In recent years, déjà vu has been subjected to serious psychological and neurophysiologic research. The most likely explanation of déjà vu is that it is not an act of "precognition" or "prophecy", but rather an anomaly of memory; it is the impression that an experience is "being recalled”. This explanation is substantiated by the fact that the sense of "recollection" at the time is strong in most cases, but that the circumstances of the "previous" experience (when, where and how the earlier experience occurred) are quite uncertain. Hence as time passes, we exhibit a strong recollection of having the "unsettling" experience of déjà vu itself, but little to no recollection of the specifics of the events or circumstances they were "remembering" when they had the déjà vu experience. In particular, this may result from an overlap between the neurological systems responsible for short-term memory (events which are perceived as being in the present) and those responsible for long-term memory (events which are perceived as being in the past). In other words, the events would be stored into memory before the conscious part of the brain even receives the information and process it. The delay is only of a few milliseconds, and besides, already happened at the time the conscious of the individual is experiencing it.
A model for one such explanation is the
hologram. In a hologram, a kind of three-dimensional photograph, each point in the image contains all the data necessary to reconstruct the image as a whole. Even the smallest fragment will give the complete picture, but the smaller the fragment, the less sharp the picture will be.
If memories are indeed stored in the brain as holograms, each part of the memory contains all the sensory and emotional data needed to recall the entire original experience. A single detail--the sound of a child's voice can evoke the complete remembered scene. According to this model, deja vu occurs when a detail from a current experience so strongly resembles a detail from a previous experience that a full-blown memory of the past event is called forth. As a result of the mismatching, the brain mistakes the present for the past. You feel certain you've seen the picture before.

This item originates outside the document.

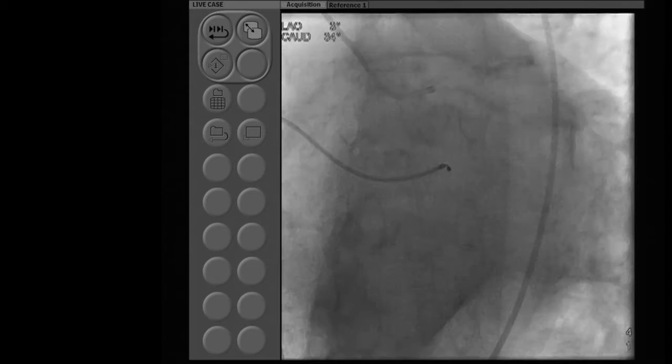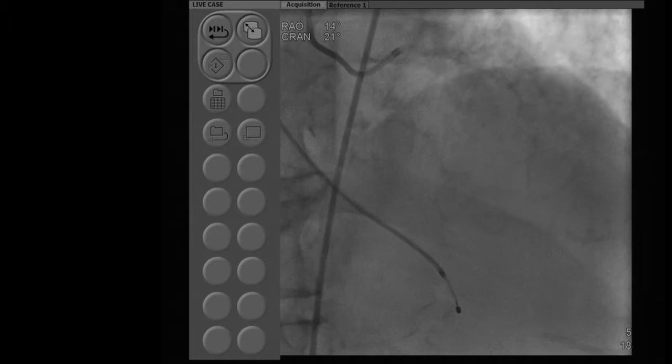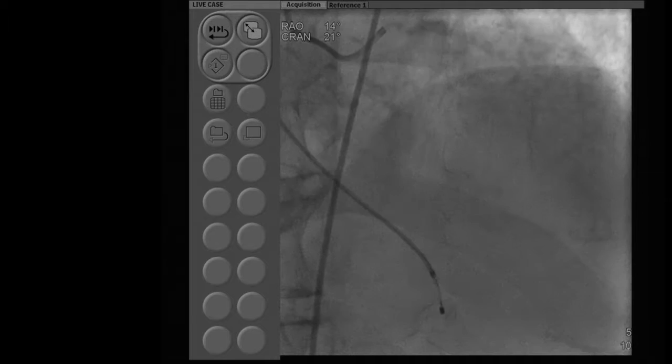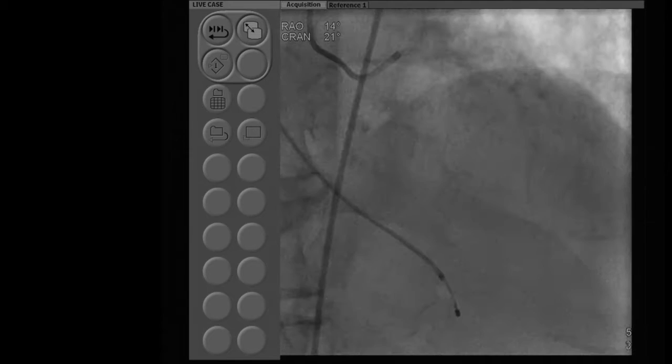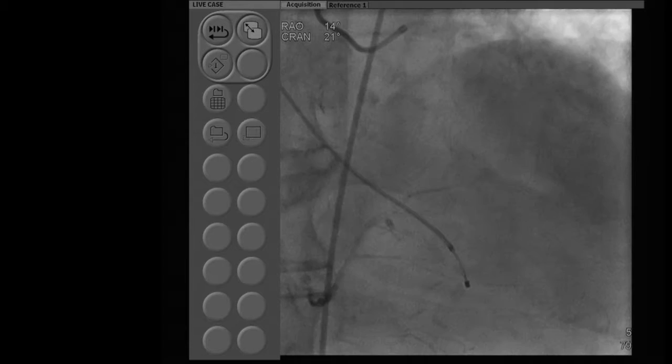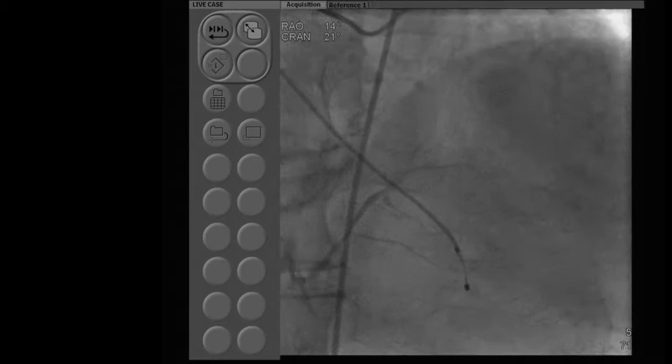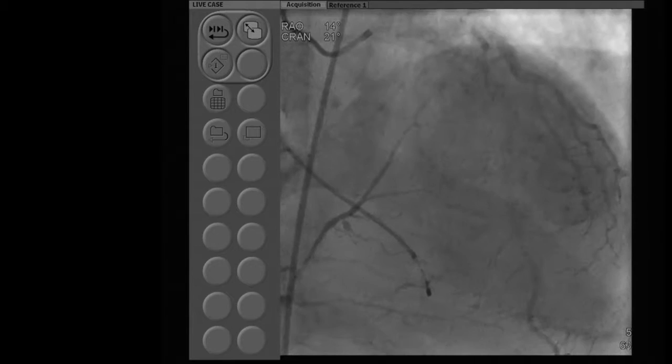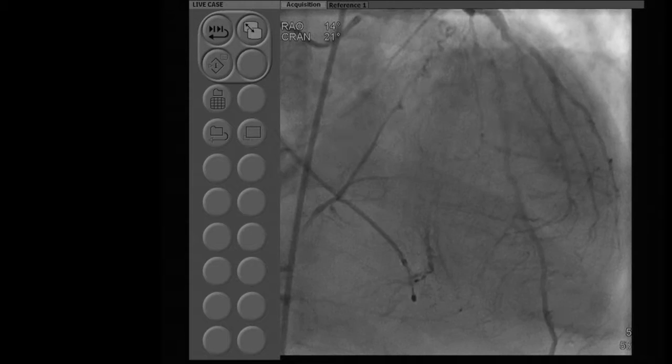On the cranial view, there is calcified LAD — mid LAD 70-80% — and you can confirm the distal left main disease. The RCA is totally occluded. This is also important: when patients come to you with valve disease, there are limited pictures you need to take just to define the coronary disease, especially in elderly patients who always have some degree of CKD. The creatinine is 1.4 — borderline CKD for his age.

Another potential explanation involves a
defect in the processes of perception and cognition. This theory proposes that sensory impressions of a current experience get deviate in the brain and are not perceivedimmediately. The information is, however, stored as a memory. This split-second delay in cognition creates the unsettling impression that the event "is being experienced and recalled simultaneously,"
Whether it's a slippage of timing, a mental hologram or something else entirely, deja vu will remain one of the mind's most tantalizing and elusive phenomena.